* PROVIDED DATA:
========================================
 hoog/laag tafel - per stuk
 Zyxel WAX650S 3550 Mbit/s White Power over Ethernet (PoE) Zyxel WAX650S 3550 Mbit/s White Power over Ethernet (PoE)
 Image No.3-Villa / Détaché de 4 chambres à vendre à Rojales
========================================
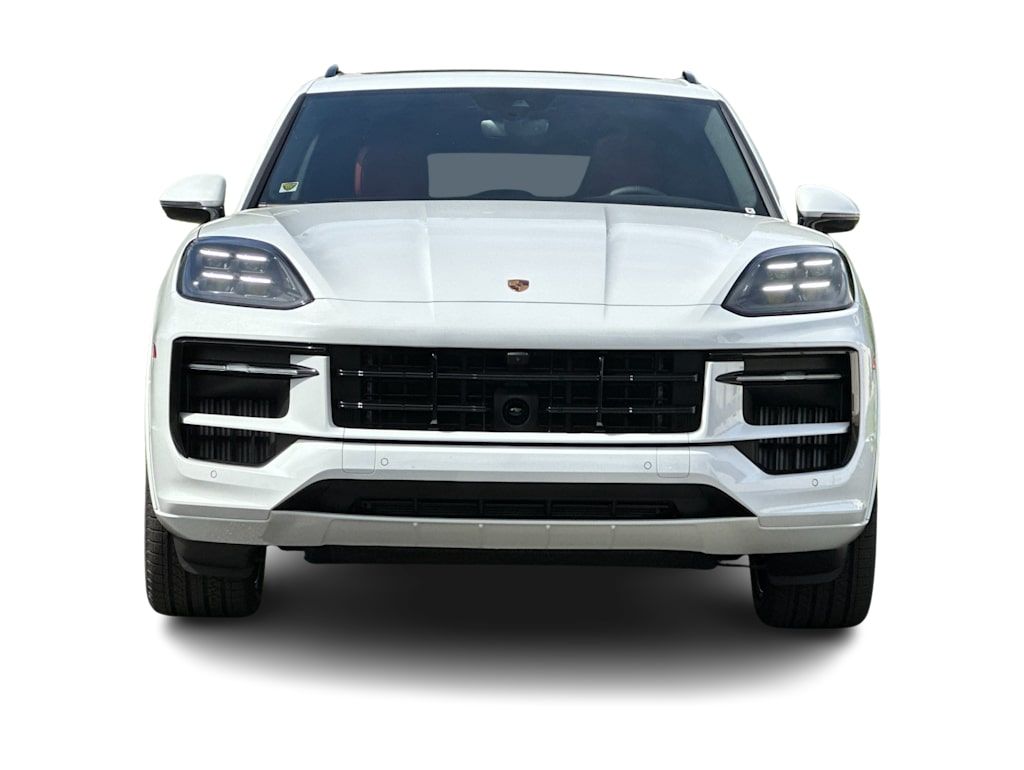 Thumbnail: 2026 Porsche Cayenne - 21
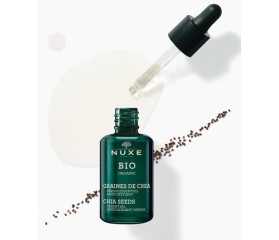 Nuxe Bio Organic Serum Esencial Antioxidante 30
========================================
* EXERCISE: Would you print exactly and only the lines of the material above that run from the line with "hoog/laag tafel - per stuk" through the line with "Image No.3-Villa /", both included?

* TASK ANSWER:
 hoog/laag tafel - per stuk
 Zyxel WAX650S 3550 Mbit/s White Power over Ethernet (PoE) Zyxel WAX650S 3550 Mbit/s White Power over Ethernet (PoE)
 Image No.3-Villa / Détaché de 4 chambres à vendre à Rojales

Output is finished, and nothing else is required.